Extract User Analytics

# Find unique users accessing a service
aws s3 cp s3://traffic-capture/ . --recursive --exclude "*" --include "*.json.gz"

for file in *.json.gz; do
  gunzip -c "$file" | jq -r '.http.headers["x-user-id"]'
done | sort | uniq -c

Create Usage Report

import json
import gzip
import boto3
from collections import defaultdict

s3 = boto3.client('s3')
bucket = 'traffic-capture'

# Aggregate usage by endpoint
usage = defaultdict(set)

paginator = s3.get_paginator('list_objects_v2')
for page in paginator.paginate(Bucket=bucket):
    for obj in page.get('Contents', []):
        response = s3.get_object(Bucket=bucket, Key=obj['Key'])
        with gzip.GzipFile(fileobj=response['Body']) as gz:
            data = json.load(gz)
            endpoint = f"{data['http']['method']} {data['http']['path']}"
            user = data['http']['headers'].get('x-user-id', 'anonymous')
            usage[endpoint].add(user)

# Print usage report
for endpoint, users in sorted(usage.items()):
    print(f"{endpoint}: {len(users)} unique users")

Performance Considerations

  • Capture Level: Use details for headers only, full only when bodies are needed

  • Filtering: Use rules to limit capture to relevant traffic

  • Sampling: For high-volume services, consider sampling strategies

  • Storage: Rotate S3 data based on retention requirements

  • Process Filtering: Exclude noisy system processes

Troubleshooting

Common Issues

No data captured:

  • Verify QTAP is running: sudo systemctl status qtap

  • Check logs: sudo journalctl -u qtap -n 100

  • Ensure traffic matches direction setting (ingress vs egress)
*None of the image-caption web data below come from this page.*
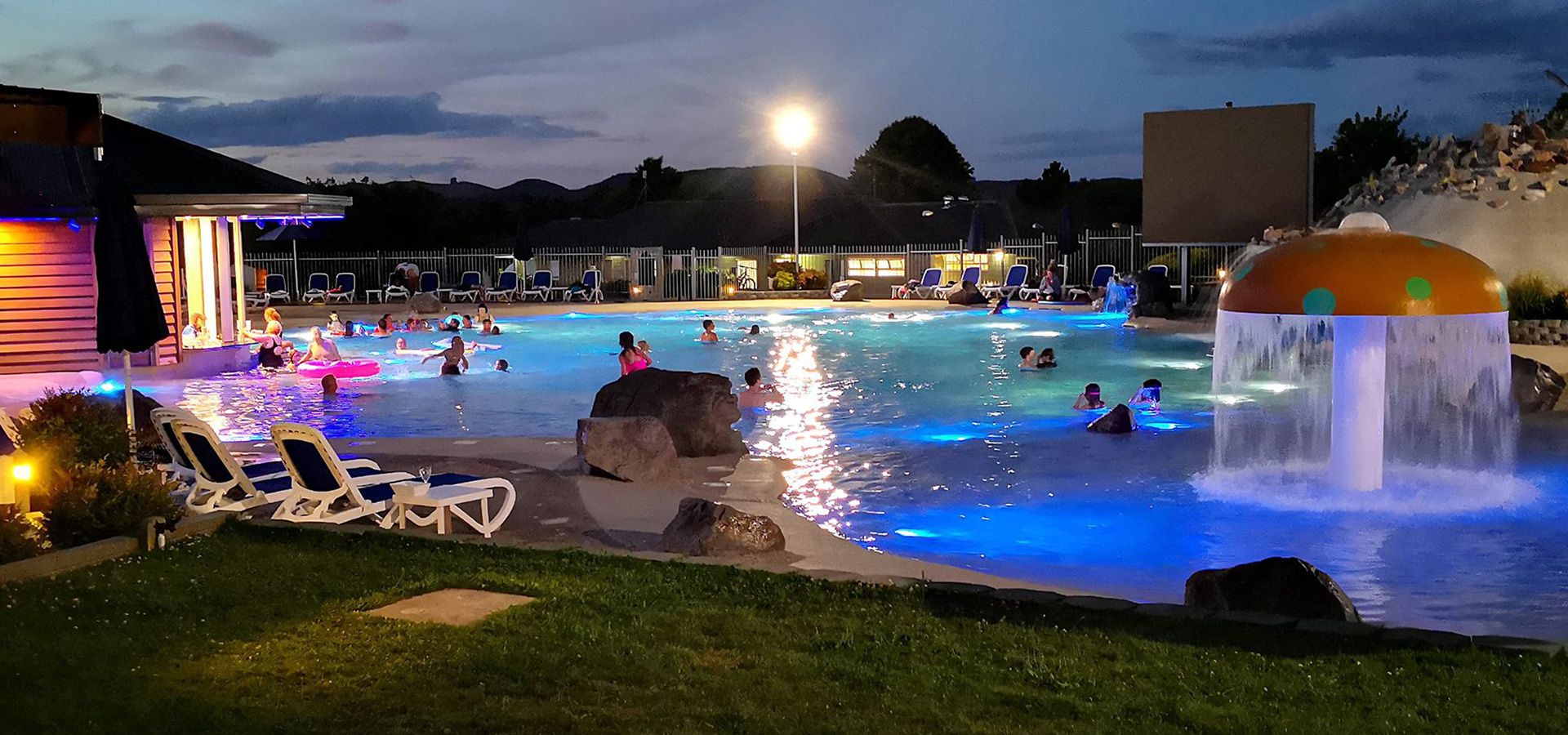 Lake Taupo Holiday Resort Thermally Heated Lagoon Pool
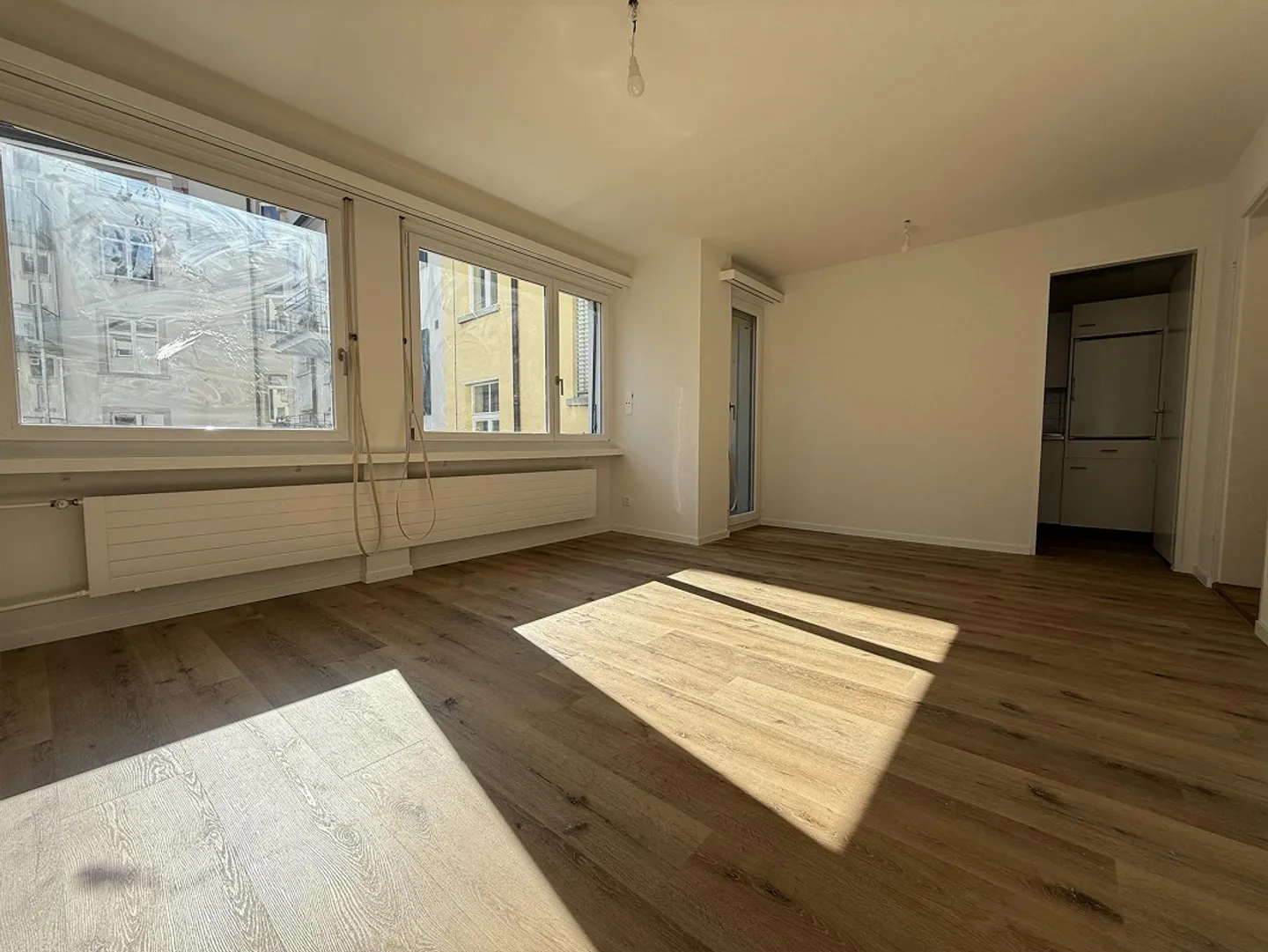 Central 1.0 Room City Apartment with Balcony - Photo 2 of 6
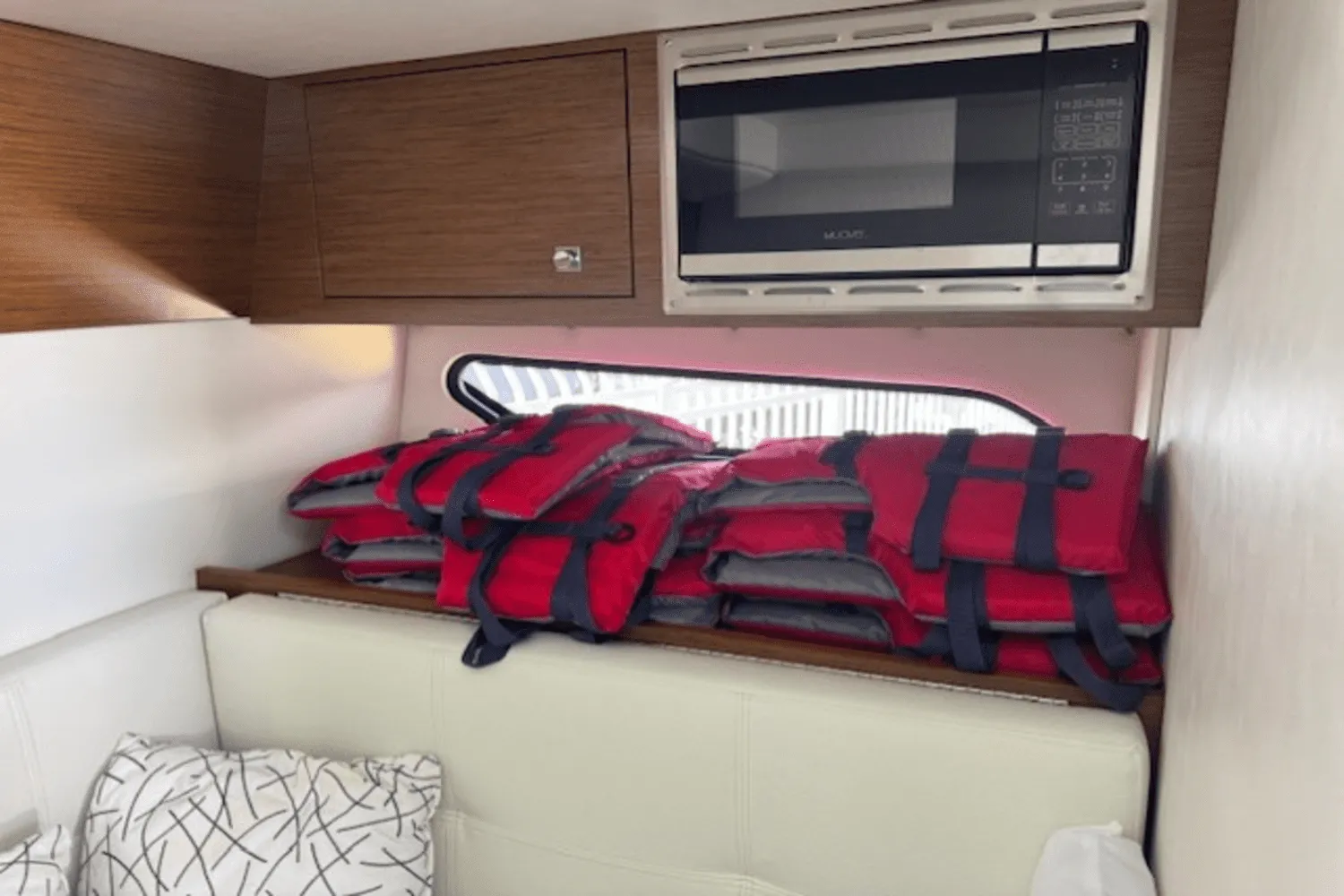 2019 Cruisers Yachts 338 GLS OB Image Thumbnail #41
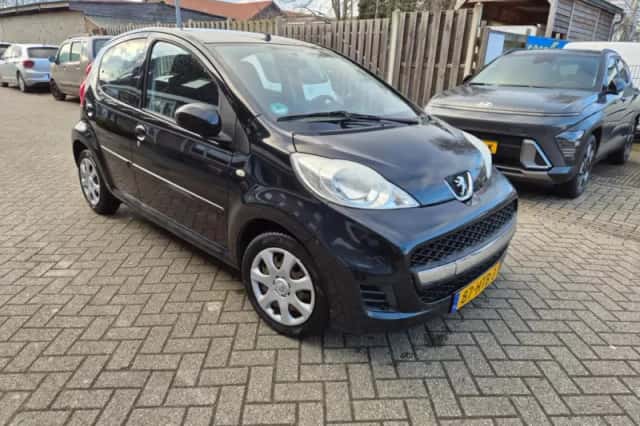 Peugeot 107 (2006) thumbnail 3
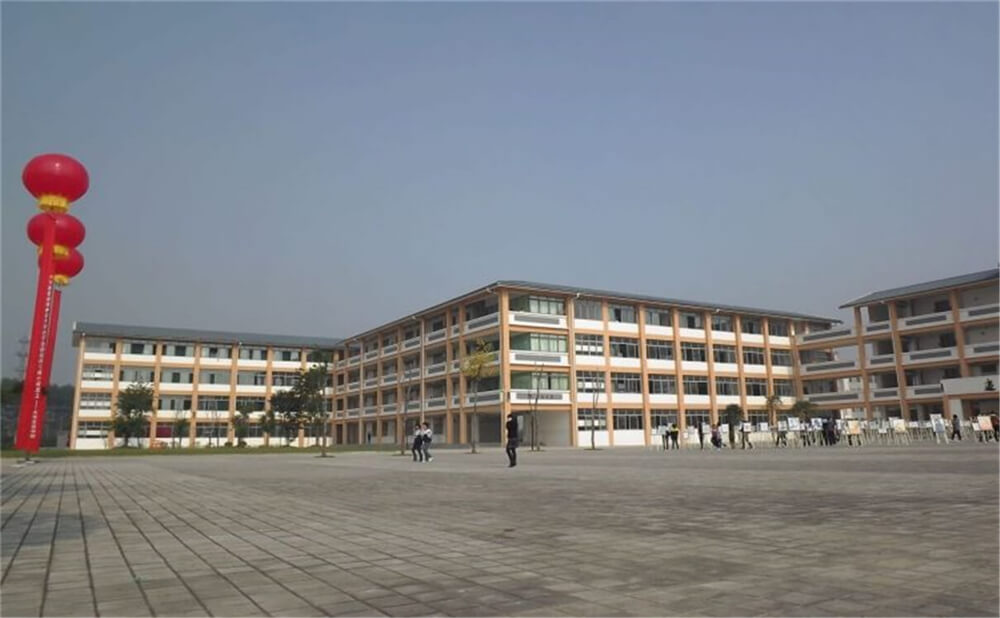 城廂中學(xué)高中一年的學(xué)費(fèi)多少錢？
  • Verify HTTP traffic is on expected ports

S3 upload failures:

  • Test credentials: aws s3 ls s3://traffic-capture/

  • Check bucket permissions and region

  • Verify network connectivity to S3

Missing headers:

  • Ensure capture level is details or full

  • Verify the http_capture plugin is configured

  • Check that traffic is HTTP/HTTPS (not other protocols)

High memory usage:

  • Reduce capture level from full to details

  • Add filtering rules to limit captured traffic

  • Increase sampling intervals for high-volume endpoints

Debug Mode

Run QTAP in debug mode for troubleshooting:

sudo qtap --config=/etc/qtap/qtap-config.yaml --log-level=debug

Security Best Practices

  1. Credential Management: Use environment variables or IAM roles for S3 credentials

  2. Data Retention: Implement S3 lifecycle policies for automatic data expiration

  3. Access Control: Restrict S3 bucket access to authorized users only

  4. Sensitive Data: Consider filtering out sensitive headers before storage

  5. Encryption: Enable S3 server-side encryption for stored data

Summary

QTap provides transparent HTTP header capture without requiring proxies or code changes. By leveraging eBPF, it captures traffic at the kernel level with minimal performance impact, making it ideal for:

  • Understanding service dependencies

  • Tracking API usage patterns

  • Debugging production issues

  • Recording traffic for testing

  • Security auditing

The combination of flexible filtering rules and native S3 integration makes QTAP a powerful tool for gaining visibility into your HTTP traffic.